La première mauvaise nouvelle est que les Américains comptent sur le gaz de schiste pour devenir, d'ici 2015, les premiers producteurs de gaz au monde et pour parvenir à l'autonomie énergétique. Ce n'est certes pas cette situation qui les motivera à modérer leur boulimie et à chercher des sources d'énergie renouvelables ou en tout cas moins polluantes.

 

Voyons maintenant les conséquences sur lesquels les avocats des gaz de schiste n'aiment pas trop s'étendre:

  • Les puits de gaz de schiste fuient, c'est un phénomène bien connu; ils libèrent ainsi du méthane qui est environ 30 fois plus générateur d'effet de serre que le CO2. Or ces fuites, on le sait depuis peu, semblent nettement plus importantes que prévu. Elles atteindraient 5 à 9% du gaz extrait. Ce qui veut dire que le bilan environnemental du gaz de schiste, contrairement à ce qu'on peut lire à gauche ou à droite, est très probablement aussi mauvais, sinon pire que celui du charbon, qui sert habituellement d'épouvantail dans ce domaine.
  • Le risque de pollution des nappes phréatiques voisines est important et avéré, avec les conséquences qu'on imagine.
  • Une récente enquête du New York Times, journal en général bien informé, a conclu, au-delà des problèmes de fuite de méthane évoqués et de la pollution engendrée par l'énorme flux de camions nécessaire à l'exploitation, au risque de radioactivité des eaux rejetées et de cancer.
  • Les Américains s'inquiètent officiellement de l'augmentation de l'activité sismique dus au forage, mais se focalisent curieusement sur ceux liés aux puits mexicains, de l'autre côté du Rio Bravo, plutôt que sur ceux situés sur leur territoire... Or il est maintenant pratiquement établi qu'un tremblement de terre de magnitude 5,7 survenu en 2011 dans l'Oklahoma a été causé par la fracturation hydraulique utilisée dans des gisements de gaz de schiste voisins!

De nombreux pays dans tous les coins de la planète ont des projets plus ou moins grandioses d'exploitation de gaz de schiste. On y trouve même l'Algérie, ce qui est totalement aberrant quand on pense à l'énergie solaire inépuisable dont ils bénéficient, qu'ils pourraient largement utiliser en construisant notamment des centrales solaires à concentration.

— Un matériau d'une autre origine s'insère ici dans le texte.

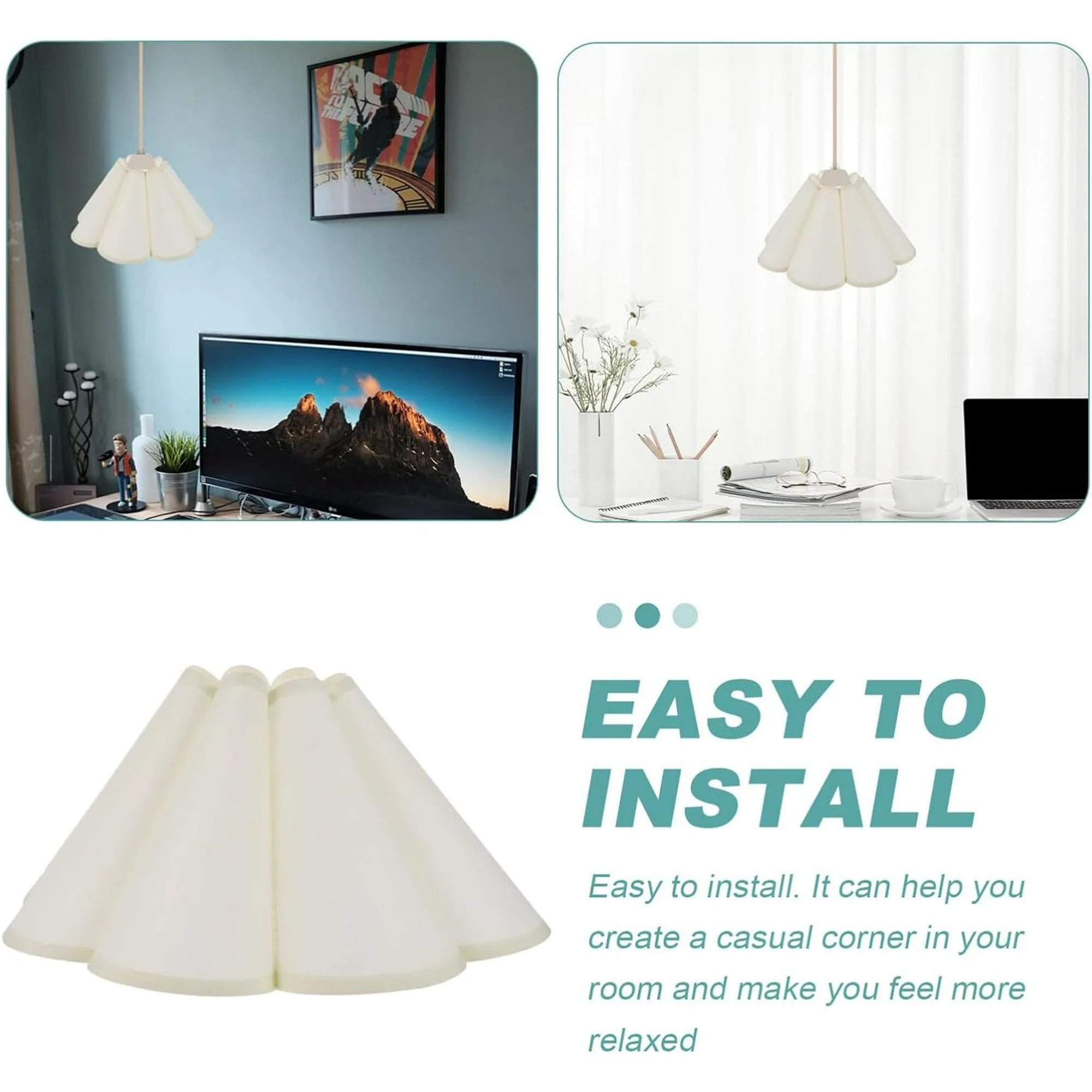 HUGFEGWE Small Bell Shaped Lampshade, Petal Table Lamp Shade, Scalloped Spider Shade, Korean Styl... | Walmart (CA)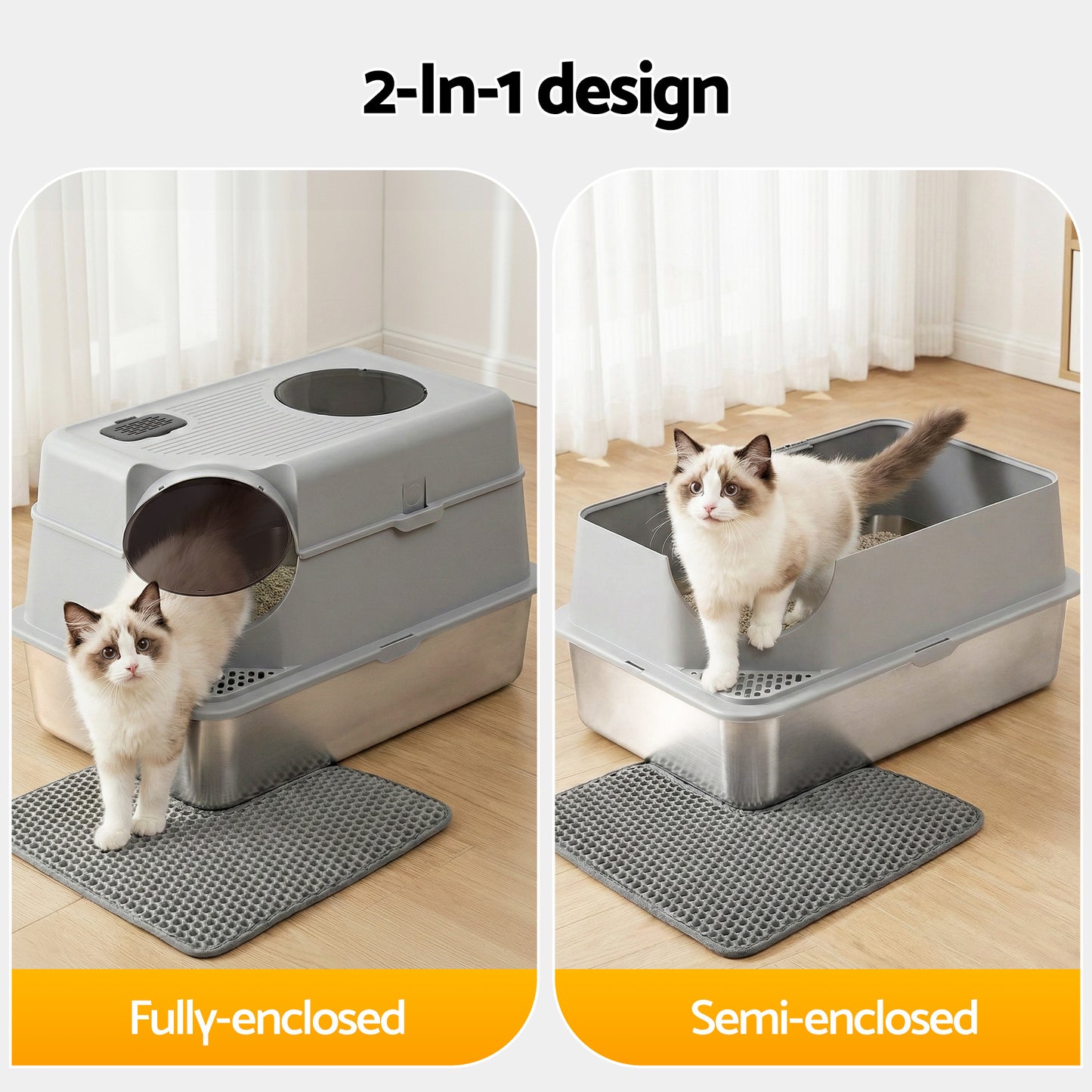 i.Pet Cat Litter Box Large Stainless Steel High Sided Pet Toilet Odour Control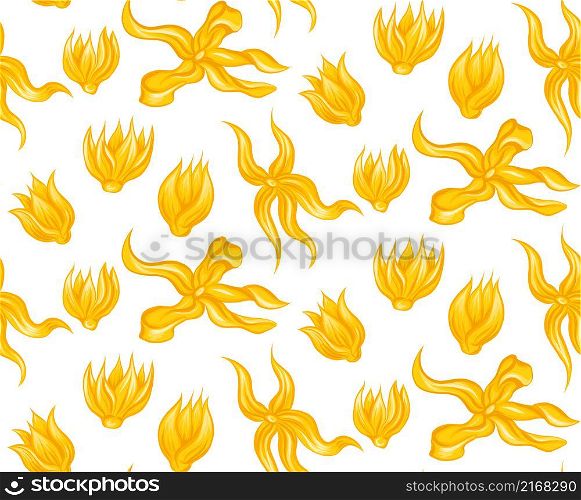 Vector seamless pattern with various tropical flowers ylang ylang on white background. Wallpaper with natural floral objects in flat hand drawn cartoon style. Tropical nature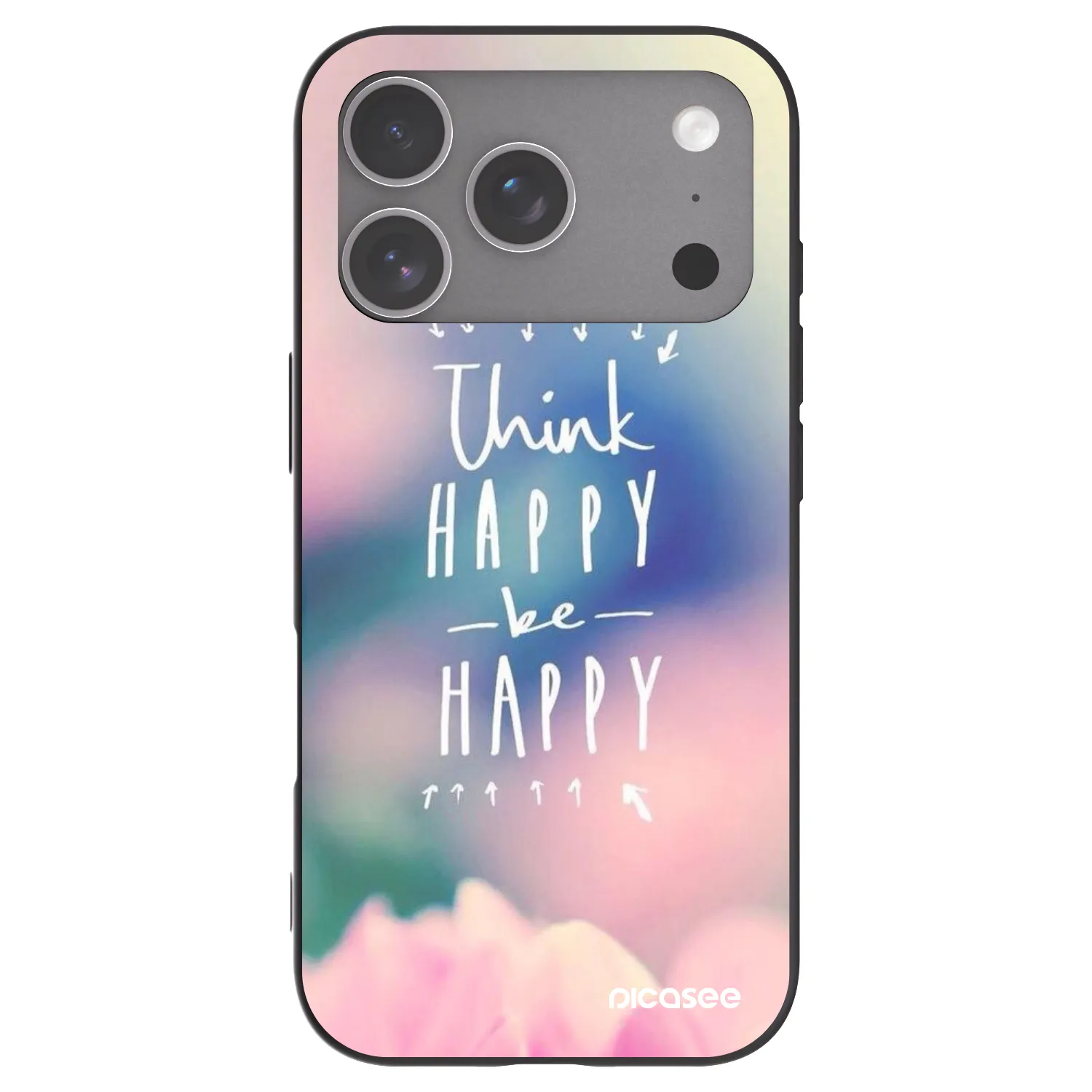Picasee silikonski črni ovitek za Apple iPhone 18 Pro - Think happy be happy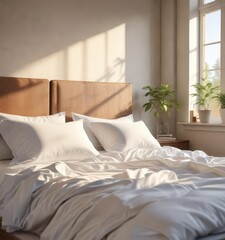 Soft focus bedroom scene with a comfortable bed and white pillows illuminated by warm morning sunlight, gentle, relaxation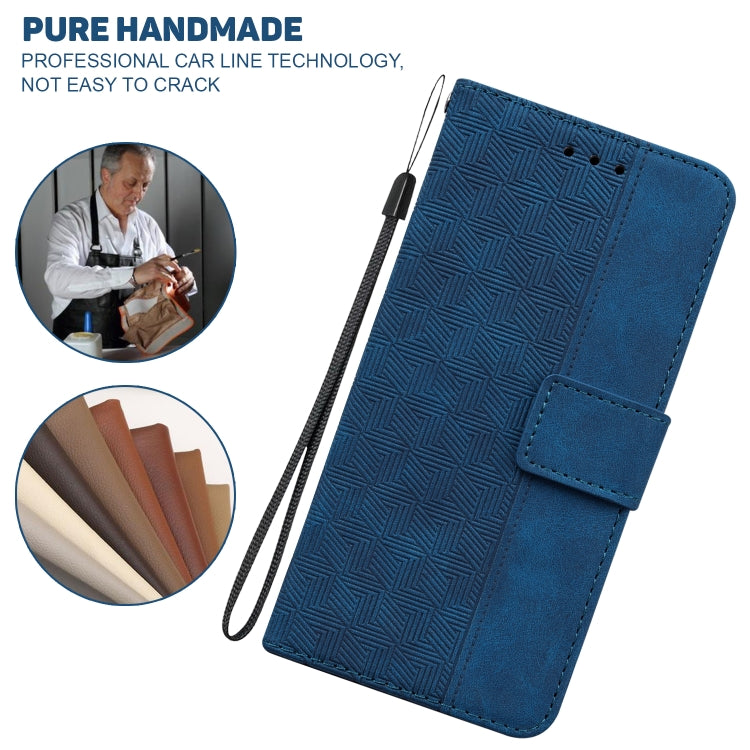 For iPhone SE 2024 Geometric Embossed Leather Phone Case(Blue) - More iPhone Cases by buy2fix | Online Shopping UK | buy2fix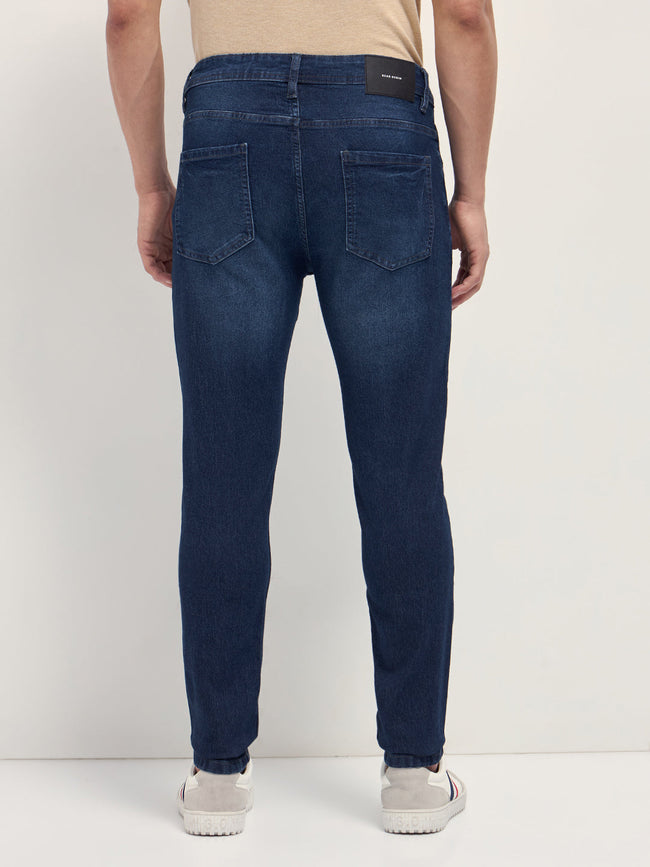 Men Dark Blue Mid-Rise Slim Fit Jeans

Certains commencent cependant à déchanter, comme la Pologne qui a réalisé que les myrifiques gisements prétendument identifiés étaient en fait 7 à 10 fois moins importants que prévu. Plusieurs sociétés ont d'ailleurs décidé d'arrêter l'exploitation dans ce pays.

 

Si on se rappelle par ailleurs qu'une lutte efficace contre le réchauffement climatique suppose qu'on laisse où elles sont la plus grande partie des réserves de charbon prouvées (sinon on ira tout droit vers des accroissements de température catastrophiques au sens propre du terme), il est peut-être temps de s'apercevoir que le raisonnement vaut tout autant pour les gaz de schiste...


NB: Le texte ci-dessus est un court résumé de nombreux articles ou émissions récents, et je ne voudrais pas le terminer sans mentionner les sources principales que j'ai utilisées: les sites de J-M Jancovici (www.manicore.com), Courrier International, Rue89, Marianne, Le Monde ainsi que des émissions diffusées récemment sur France Culture ou ARTE.